Genel seçime gidilen süreçte il örgütünün partiyi birleştirmesi ve seçim çalışmalarını sağlıklı bir şekilde götürmesinin en ufak imkânı yok.

Bunu iddia eden ya da böyle olacağını uman varsa derhal partiden istifa etsin, zira bu hayalcilik ile bırakın iktidarı ana muhalefet bile olunmaz.

Velhasıl kısa bir süre sonra parti örgütlerinin istifa etmesi ve seçim sürecine yeni örgütlerle gidilmesi üzerinde hemen herkes hem fikir…

Ön seçim ile ilgili gündem de CHP tüzüğüne eklenen madde ile ortadan kalktığına göre bu konuşulanın gerçekleşmesine artık daha mutlak bir gözle bakıyorum.

Ancak ortada şöyle bir sorun var.

Recep Taşel istifa ederse yerine kim gelecek?

Daha doğrusu gelecek olan isim partiyi kucaklayıp, birleştirebilecek mi?

Büyükerşen, Kurt ve Ataç’ı bir araya getirerek “hadi öpüşün, barışın” diyebilecek bir gücün bırakın Eskişehir’de yeryüzünde yaşadığını düşünmüyorum.

Bu sebeple genel merkezin atayacağı isimle ilgili yapacağı müzakereler yani tüm başkanların “evet” diyeceği bir uzlaşı adayı kesinlikle olmayacak.

İşte o zaman farklı bir yol izlemeli. Bu konuda aklıma gelen bir öneri var.

Bence bir müzakere olacak ve ortak bir aday bulunacak ise herkesin evet dediği bir isim olmayacağına göre şu yapılabilir.

Herkesin “hayır” dediği bir isim il başkanı olsun.

Öyle bir isim il başkanı yapılsın ki Büyükerşen, Ataç ve Kurt hepsi birden “hayır, olmaz” diye ayak diresin.
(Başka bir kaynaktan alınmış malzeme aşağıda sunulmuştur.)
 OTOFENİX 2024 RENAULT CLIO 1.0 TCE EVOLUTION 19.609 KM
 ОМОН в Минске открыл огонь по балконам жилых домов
En azından herkese eşit uzaklıkta ve kimsenin vesayetinde olmayan bir örgüt olarak CHP ve partililerin kafası daha rahat olur. Daha sık ve kalabalık bir şekilde partiye gider gelirler.

Özgüven gelişir ve genel seçimde bu tercih işe yarayabilir.

Ne dersiniz, olmaz mı?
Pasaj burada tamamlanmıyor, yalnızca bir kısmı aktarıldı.